# SOURCE MATERIAL
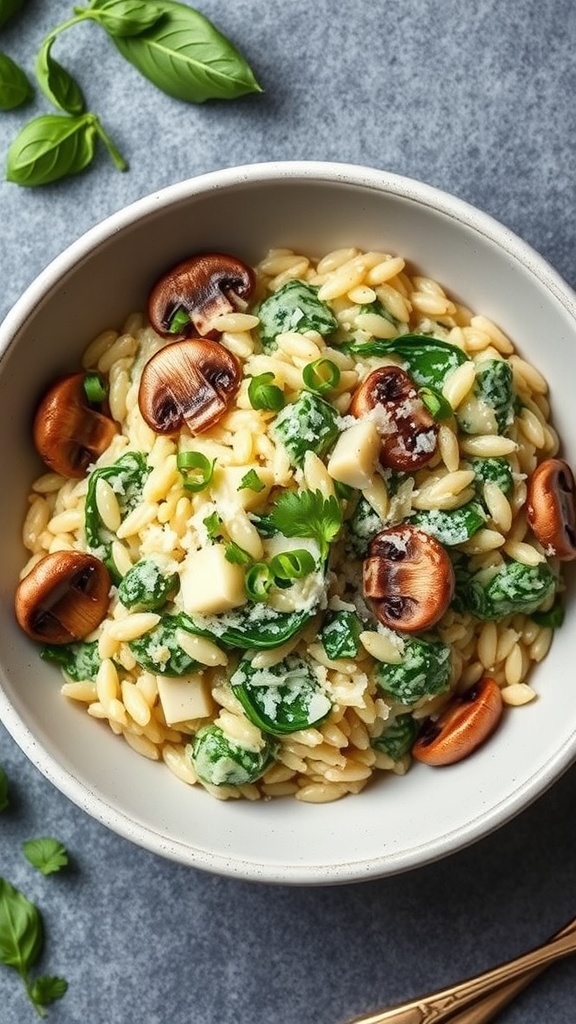A bowl of mushroom and spinach risotto with fresh herbs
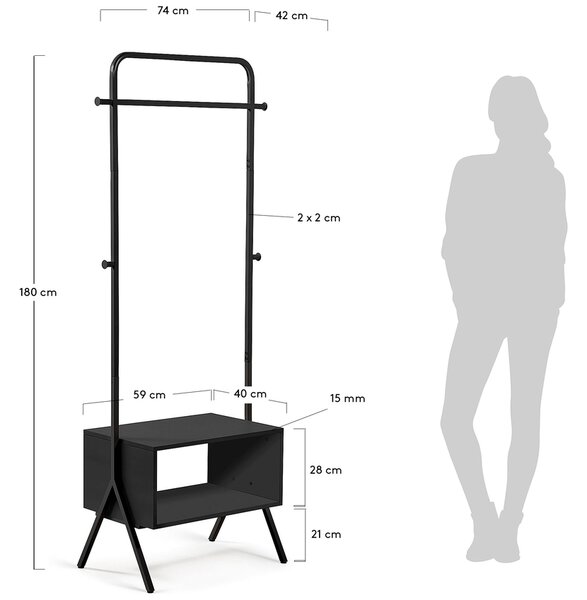 Černý kovový věšák Kave Home Celise 180 x 74 cm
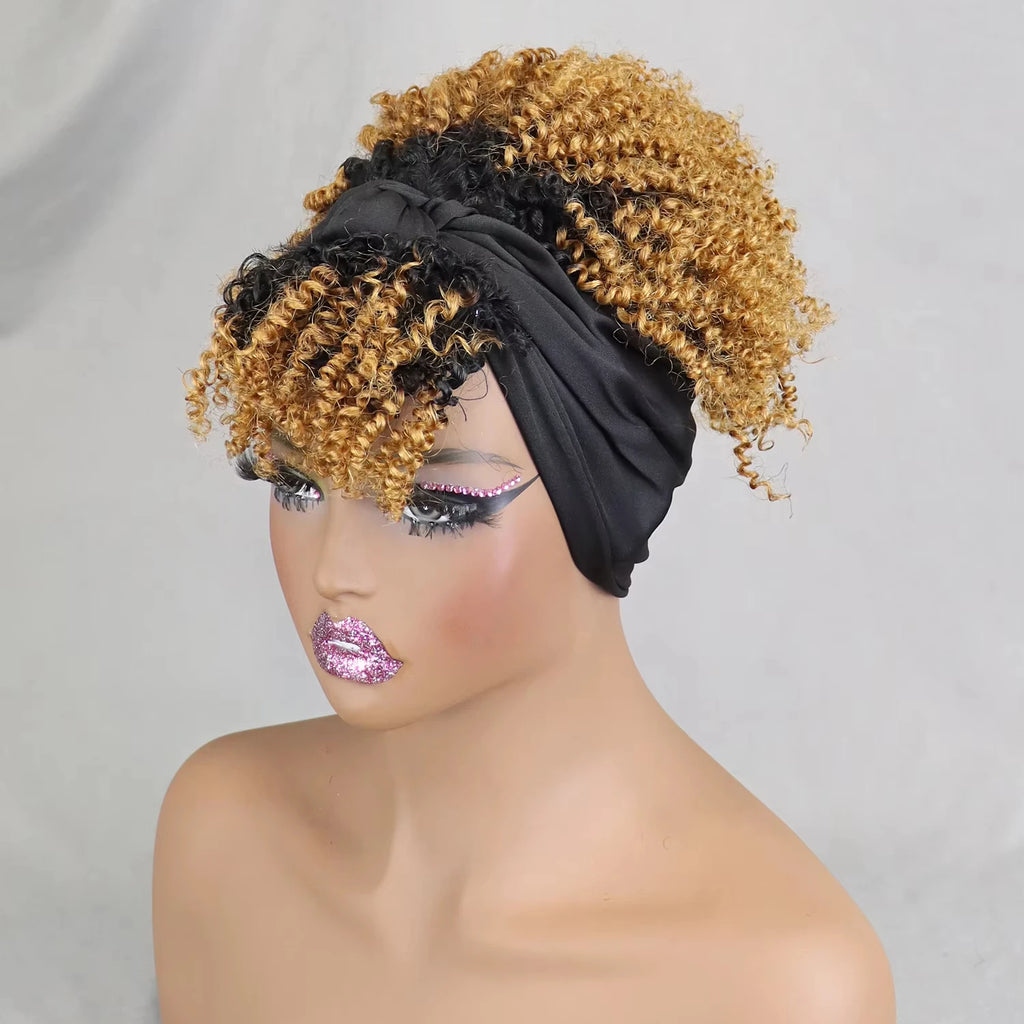 Wholesale Headband Wigs Afro Kinky Curls Brazilian Remy Human Hair Color 1B30 Wigs Machine Made Wigs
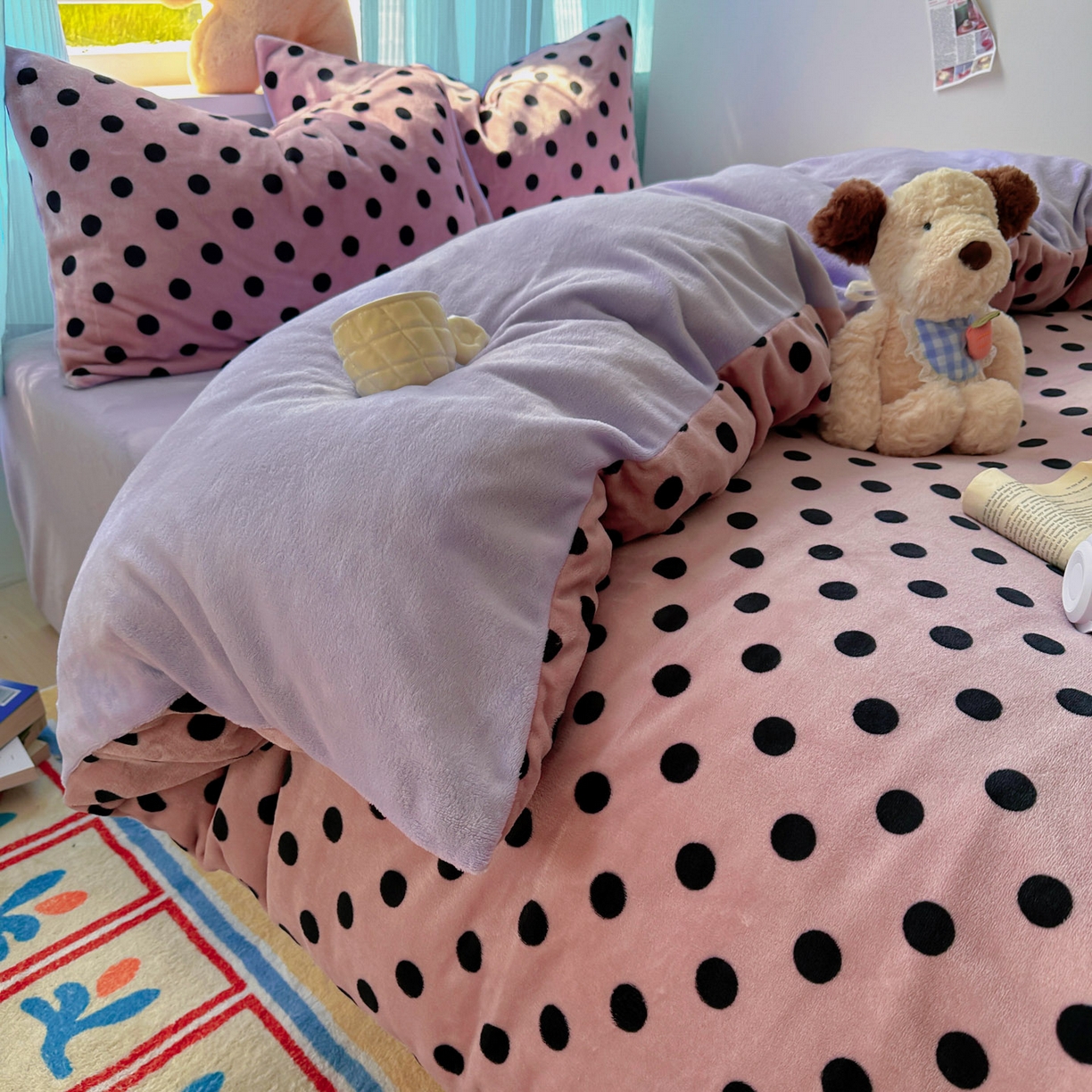 91家纺网 家纺一手货源 找家纺 小叮当家纺仓储工厂店 买家秀 爆款花型2025新款小清新180克跑量款牛奶绒单被套 被套单件 奶茶珍珠紫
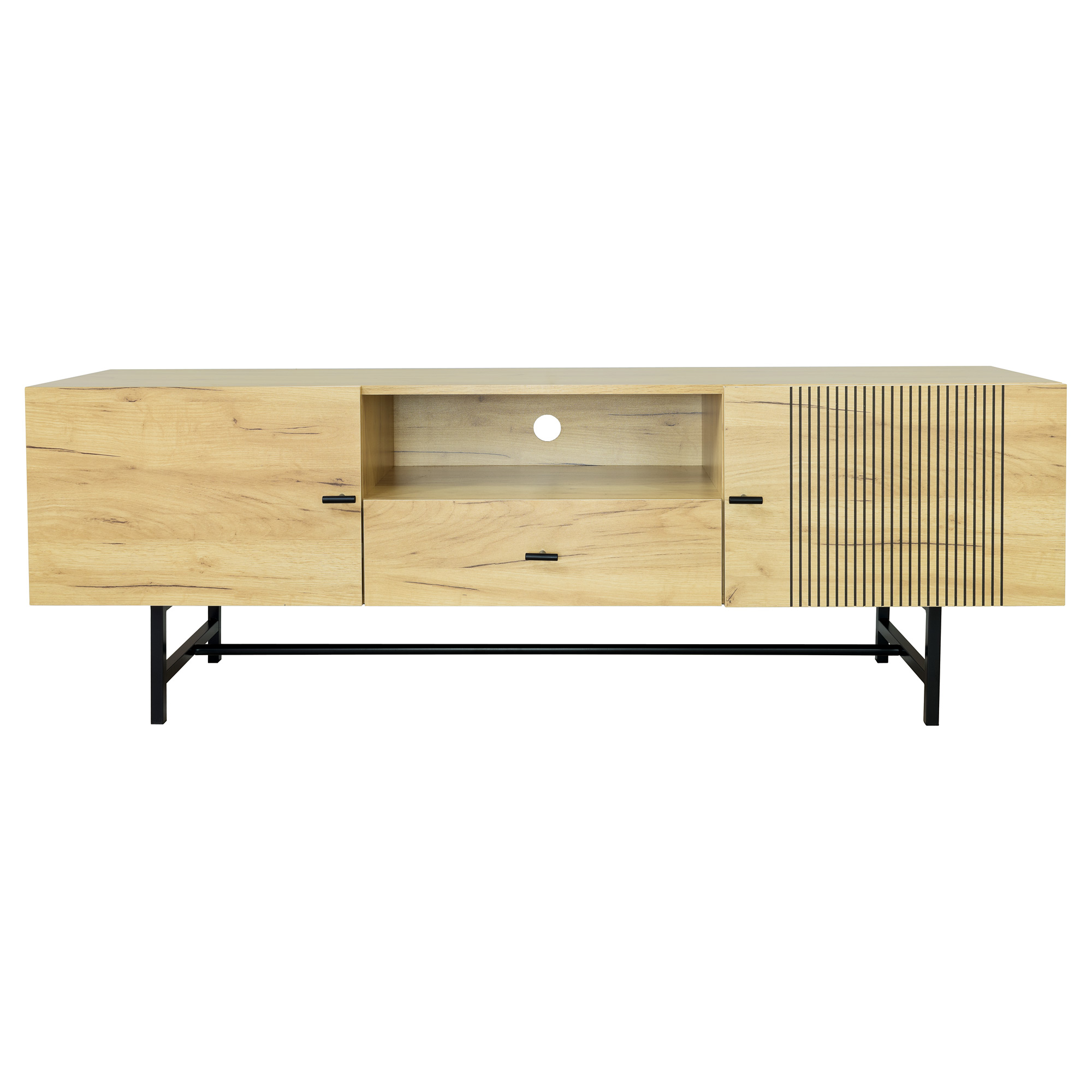 FW1198 Groove Natural Entertainment Unit - Front Groove Natural Entertainment Unit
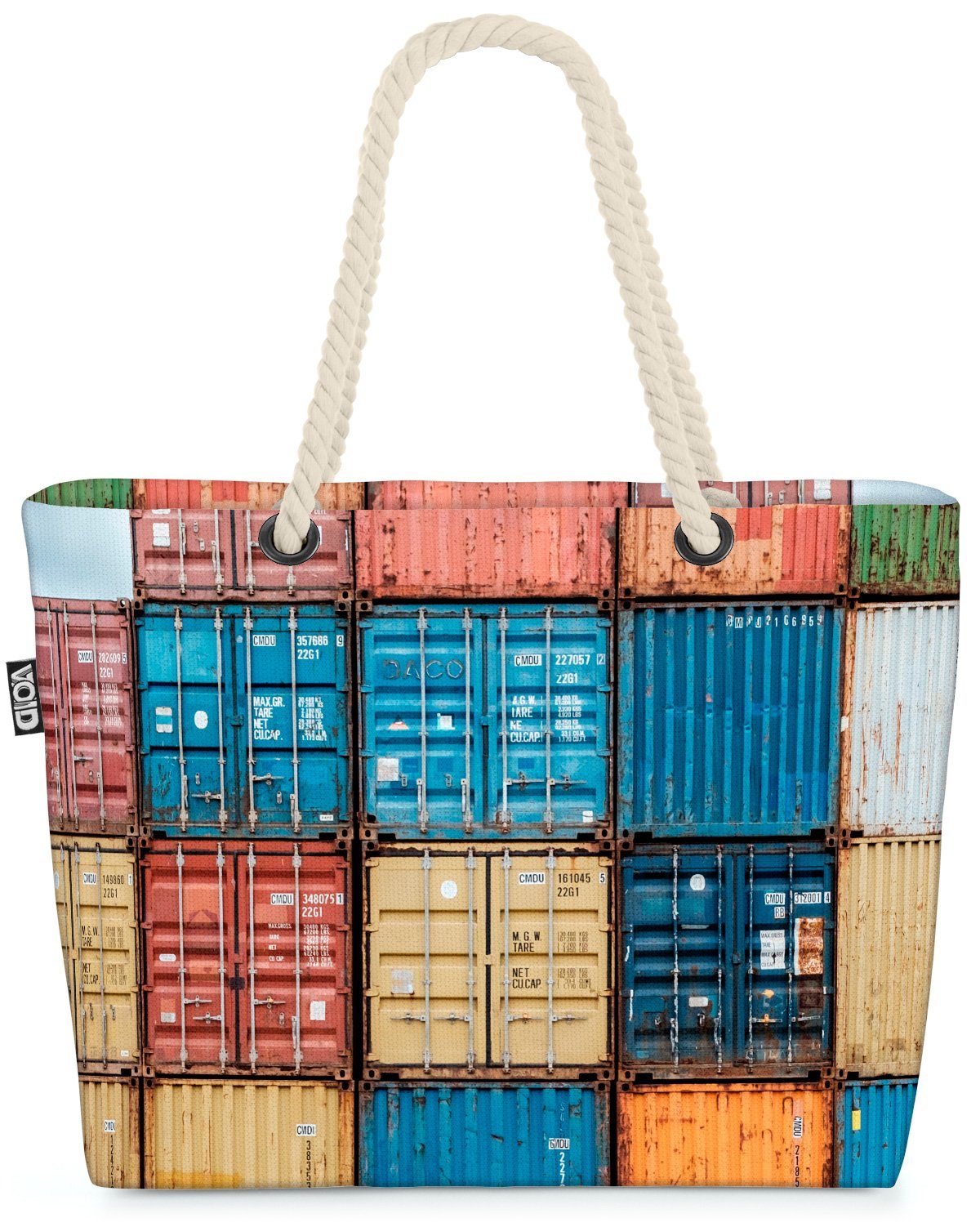 VOID Strandtasche (1-tlg), Container Hafen Bunt Container Hafen Bunt Schiffscontainer Fracht See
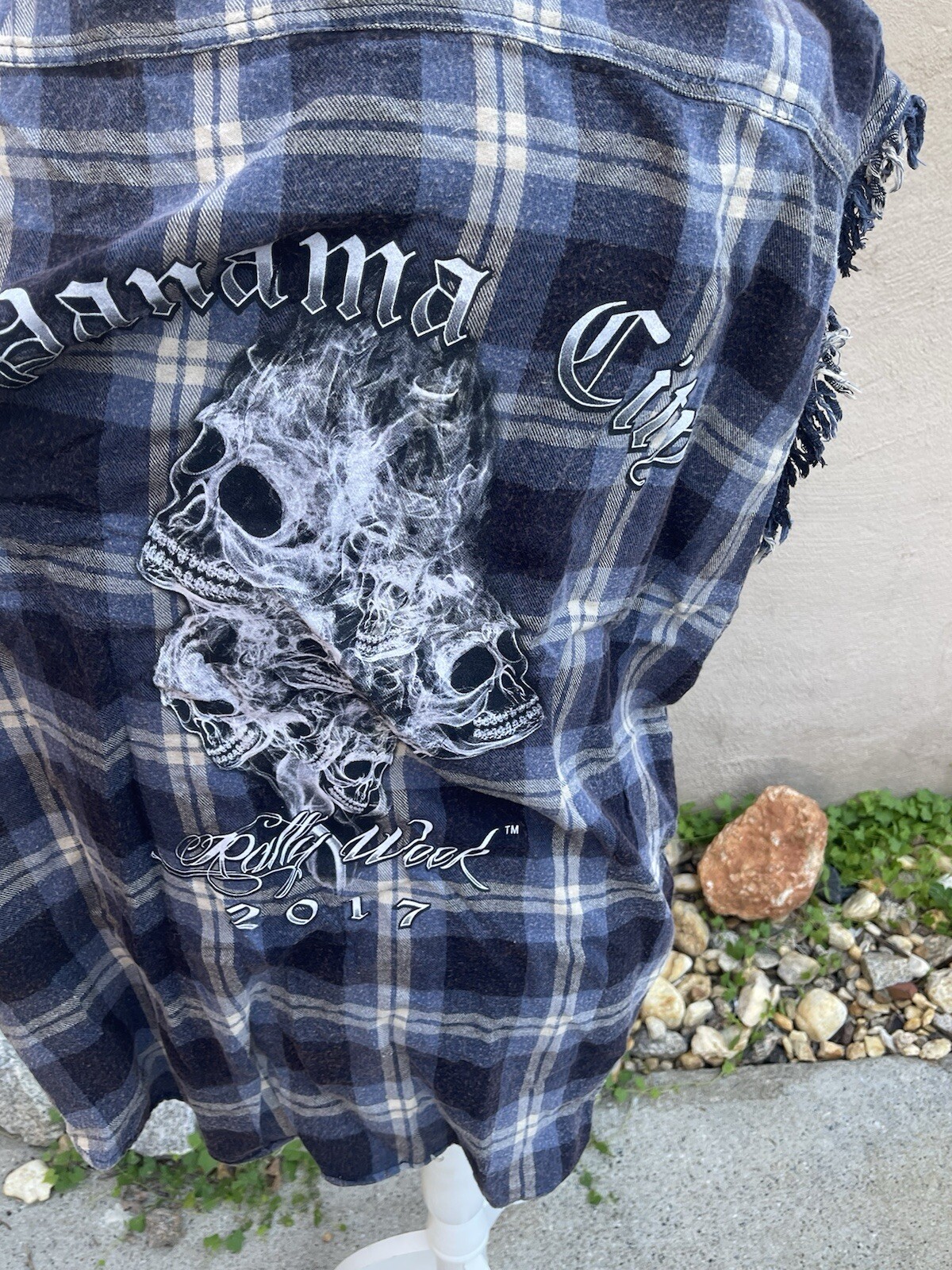 Motorcycle Shirt Skull Panama City Rally Week 2017 Biker Wear USA Flannel 2X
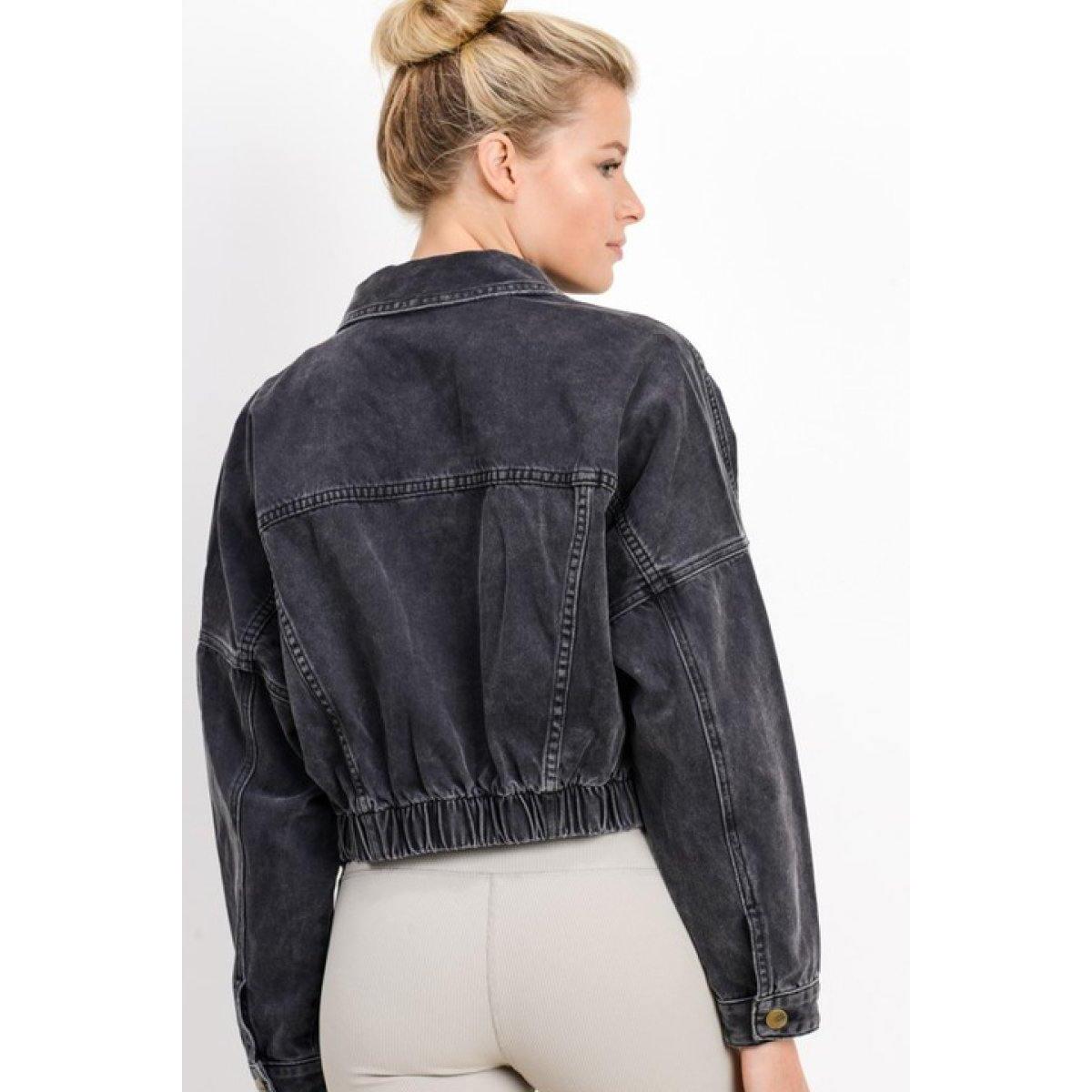 Ribbed Crop Denim Jacket Coupons - RebateKey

# WHAT THE EXERCISE ASKS
Pictures are not part of the copy. Return every record exactly.

# OUTPUT OF THE TASK
A bowl of mushroom and spinach risotto with fresh herbs
 Černý kovový věšák Kave Home Celise 180 x 74 cm
 Wholesale Headband Wigs Afro Kinky Curls Brazilian Remy Human Hair Color 1B30 Wigs Machine Made Wigs
 91家纺网 家纺一手货源 找家纺 小叮当家纺仓储工厂店 买家秀 爆款花型2025新款小清新180克跑量款牛奶绒单被套 被套单件 奶茶珍珠紫
 FW1198 Groove Natural Entertainment Unit - Front Groove Natural Entertainment Unit
 VOID Strandtasche (1-tlg), Container Hafen Bunt Container Hafen Bunt Schiffscontainer Fracht See
 Motorcycle Shirt Skull Panama City Rally Week 2017 Biker Wear USA Flannel 2X
 Ribbed Crop Denim Jacket Coupons - RebateKey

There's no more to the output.